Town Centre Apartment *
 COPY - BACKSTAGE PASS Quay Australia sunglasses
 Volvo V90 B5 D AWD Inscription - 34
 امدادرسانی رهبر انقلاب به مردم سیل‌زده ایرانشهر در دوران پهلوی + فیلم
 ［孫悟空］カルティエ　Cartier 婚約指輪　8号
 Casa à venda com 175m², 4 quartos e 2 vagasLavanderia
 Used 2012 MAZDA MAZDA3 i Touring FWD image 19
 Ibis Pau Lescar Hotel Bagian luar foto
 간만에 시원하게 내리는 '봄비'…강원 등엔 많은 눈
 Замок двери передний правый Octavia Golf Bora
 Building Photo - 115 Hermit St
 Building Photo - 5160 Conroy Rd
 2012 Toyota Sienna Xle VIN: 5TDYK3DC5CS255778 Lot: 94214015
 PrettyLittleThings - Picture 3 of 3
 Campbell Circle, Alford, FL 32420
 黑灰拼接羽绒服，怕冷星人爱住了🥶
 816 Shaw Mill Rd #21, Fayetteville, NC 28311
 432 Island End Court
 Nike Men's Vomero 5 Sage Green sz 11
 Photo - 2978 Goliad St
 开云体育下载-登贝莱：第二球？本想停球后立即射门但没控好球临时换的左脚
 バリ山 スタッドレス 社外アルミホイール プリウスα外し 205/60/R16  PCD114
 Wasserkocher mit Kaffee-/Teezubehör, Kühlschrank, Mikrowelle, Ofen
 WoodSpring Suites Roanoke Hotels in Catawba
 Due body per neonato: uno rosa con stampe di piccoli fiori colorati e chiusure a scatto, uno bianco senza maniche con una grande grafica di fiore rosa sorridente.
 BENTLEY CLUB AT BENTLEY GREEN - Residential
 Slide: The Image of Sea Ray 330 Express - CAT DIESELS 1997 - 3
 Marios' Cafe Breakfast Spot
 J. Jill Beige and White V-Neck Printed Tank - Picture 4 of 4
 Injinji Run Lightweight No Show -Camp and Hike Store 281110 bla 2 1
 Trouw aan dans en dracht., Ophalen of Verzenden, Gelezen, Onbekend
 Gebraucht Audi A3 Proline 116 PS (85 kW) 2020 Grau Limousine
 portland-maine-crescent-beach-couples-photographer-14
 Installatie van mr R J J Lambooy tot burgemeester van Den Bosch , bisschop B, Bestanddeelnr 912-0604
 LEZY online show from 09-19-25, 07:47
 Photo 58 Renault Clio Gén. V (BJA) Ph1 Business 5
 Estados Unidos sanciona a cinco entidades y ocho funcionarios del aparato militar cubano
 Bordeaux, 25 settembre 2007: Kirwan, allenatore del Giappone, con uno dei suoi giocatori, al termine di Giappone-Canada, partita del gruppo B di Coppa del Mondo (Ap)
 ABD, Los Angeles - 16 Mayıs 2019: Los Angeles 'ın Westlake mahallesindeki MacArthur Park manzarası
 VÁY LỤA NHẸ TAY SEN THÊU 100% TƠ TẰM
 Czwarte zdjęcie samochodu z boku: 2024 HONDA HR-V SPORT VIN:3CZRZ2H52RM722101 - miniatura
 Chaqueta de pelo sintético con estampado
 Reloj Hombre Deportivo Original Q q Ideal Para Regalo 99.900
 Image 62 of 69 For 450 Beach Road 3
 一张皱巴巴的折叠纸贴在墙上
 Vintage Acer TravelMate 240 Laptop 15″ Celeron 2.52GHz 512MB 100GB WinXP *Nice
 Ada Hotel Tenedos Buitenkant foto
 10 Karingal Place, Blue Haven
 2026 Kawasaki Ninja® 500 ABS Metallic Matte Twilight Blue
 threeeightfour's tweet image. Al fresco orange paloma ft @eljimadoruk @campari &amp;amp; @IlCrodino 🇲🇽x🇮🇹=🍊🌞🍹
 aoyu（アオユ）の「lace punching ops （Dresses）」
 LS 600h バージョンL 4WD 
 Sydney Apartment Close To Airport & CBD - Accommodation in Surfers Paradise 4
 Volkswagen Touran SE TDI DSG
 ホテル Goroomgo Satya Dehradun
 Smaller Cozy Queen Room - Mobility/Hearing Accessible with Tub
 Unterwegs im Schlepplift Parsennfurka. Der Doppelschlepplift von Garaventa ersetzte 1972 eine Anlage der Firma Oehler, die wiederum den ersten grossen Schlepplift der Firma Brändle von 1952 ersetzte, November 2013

Problem to solve: From the top of the listing above, restate each line word for word up to and including the line with "开云体育下载-登贝莱：第二球？本想停球后立即射门但没控好球临时换的左脚"; add nothing else.

Task output:
Town Centre Apartment *
 COPY - BACKSTAGE PASS Quay Australia sunglasses
 Volvo V90 B5 D AWD Inscription - 34
 امدادرسانی رهبر انقلاب به مردم سیل‌زده ایرانشهر در دوران پهلوی + فیلم
 ［孫悟空］カルティエ　Cartier 婚約指輪　8号
 Casa à venda com 175m², 4 quartos e 2 vagasLavanderia
 Used 2012 MAZDA MAZDA3 i Touring FWD image 19
 Ibis Pau Lescar Hotel Bagian luar foto
 간만에 시원하게 내리는 '봄비'…강원 등엔 많은 눈
 Замок двери передний правый Octavia Golf Bora
 Building Photo - 115 Hermit St
 Building Photo - 5160 Conroy Rd
 2012 Toyota Sienna Xle VIN: 5TDYK3DC5CS255778 Lot: 94214015
 PrettyLittleThings - Picture 3 of 3
 Campbell Circle, Alford, FL 32420
 黑灰拼接羽绒服，怕冷星人爱住了🥶
 816 Shaw Mill Rd #21, Fayetteville, NC 28311
 432 Island End Court
 Nike Men's Vomero 5 Sage Green sz 11
 Photo - 2978 Goliad St
 开云体育下载-登贝莱：第二球？本想停球后立即射门但没控好球临时换的左脚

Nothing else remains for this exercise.